§ **TASK TO CARRY OUT**: Return only the lines from the one that contains "موسی حسنی وکیل پایه یک دادگستری" through the last line of the records below, exactly as they stand. Pictures are not part of the copy.

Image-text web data

──────

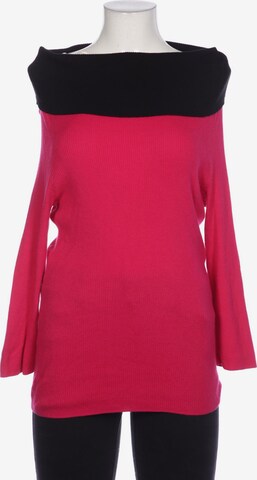 Philo-Sofie Sweater & Cardigan in XL in Pink: front
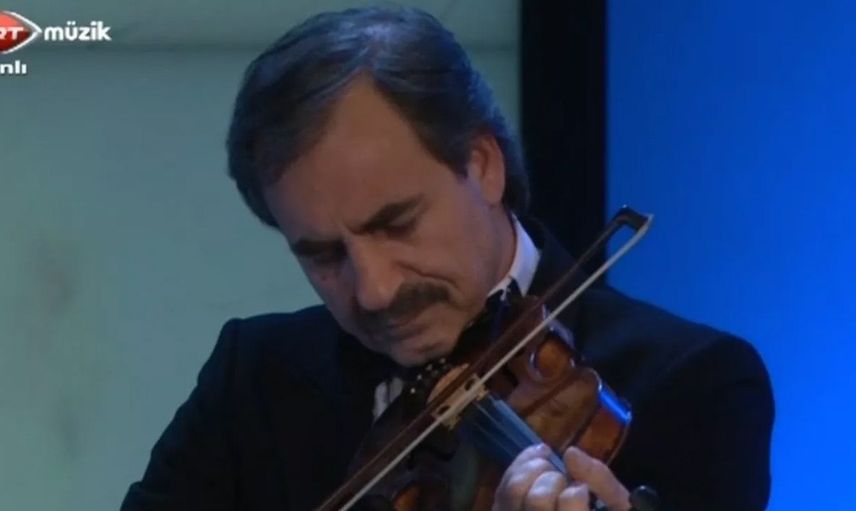 Usta Müzisyen İlyas Tetik İntihar Etti
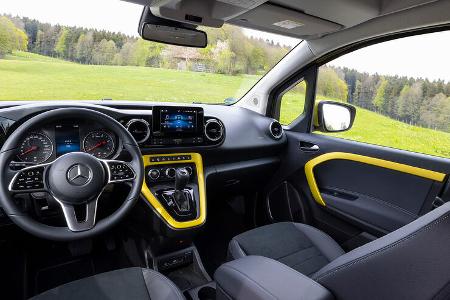 Mercedes T-Klasse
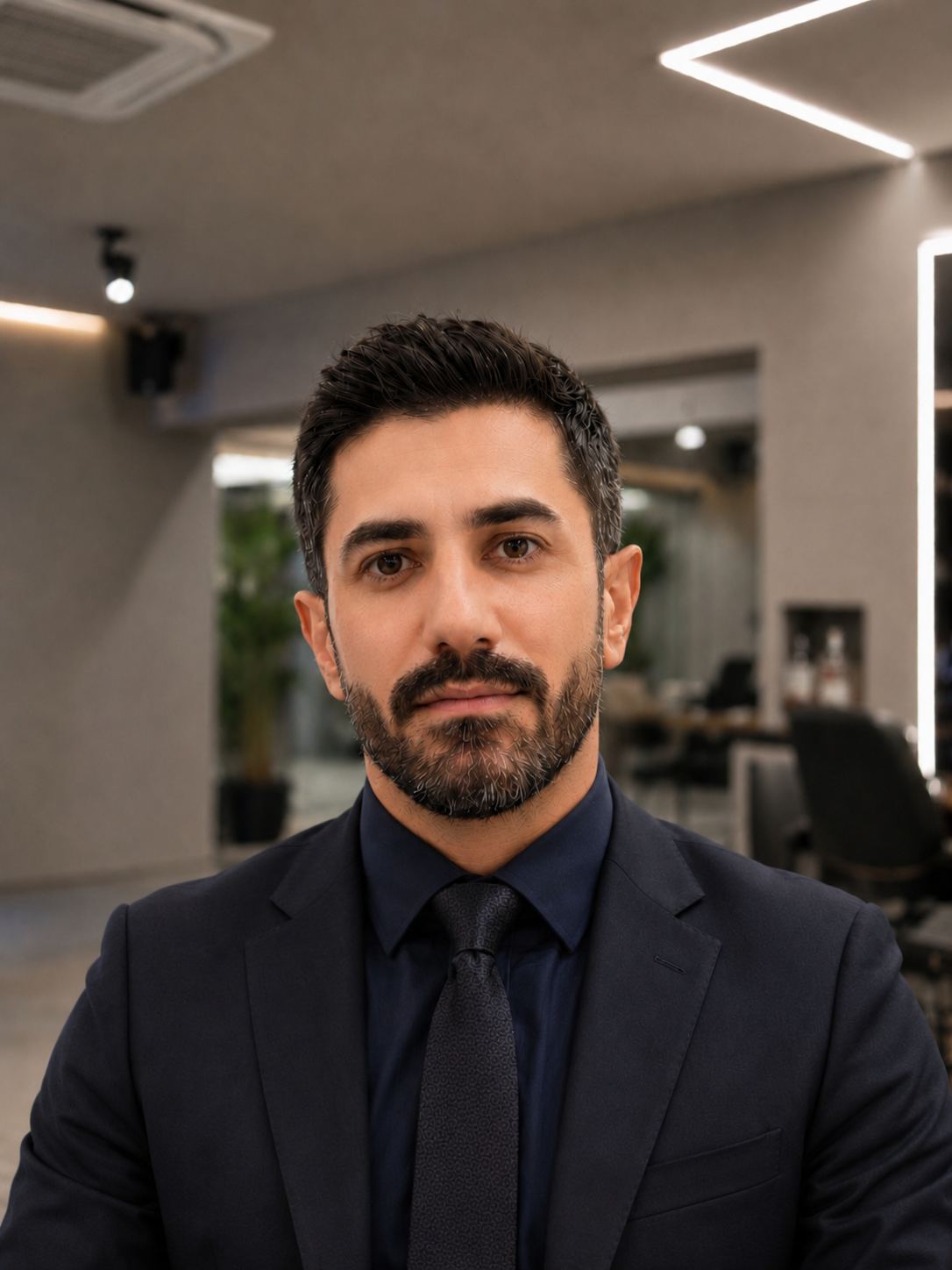 موسی حسنی وکیل پایه یک دادگستری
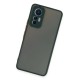 Xiaomi Mi 12 Lite Kılıf Montreal Silikon Kapak - Yeşil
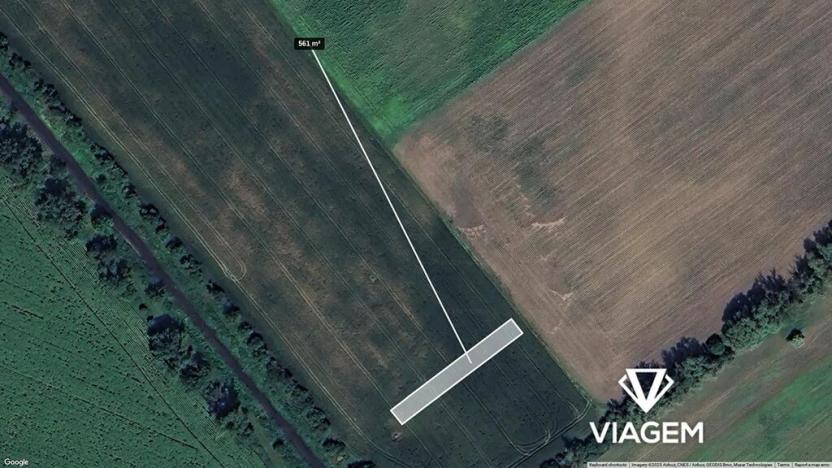 Prodej podílu pole, Podivín, 374 m2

──────

§ **SOLUTION FOR THIS PROBLEM**:
 موسی حسنی وکیل پایه یک دادگستری
 Xiaomi Mi 12 Lite Kılıf Montreal Silikon Kapak - Yeşil
 Prodej podílu pole, Podivín, 374 m2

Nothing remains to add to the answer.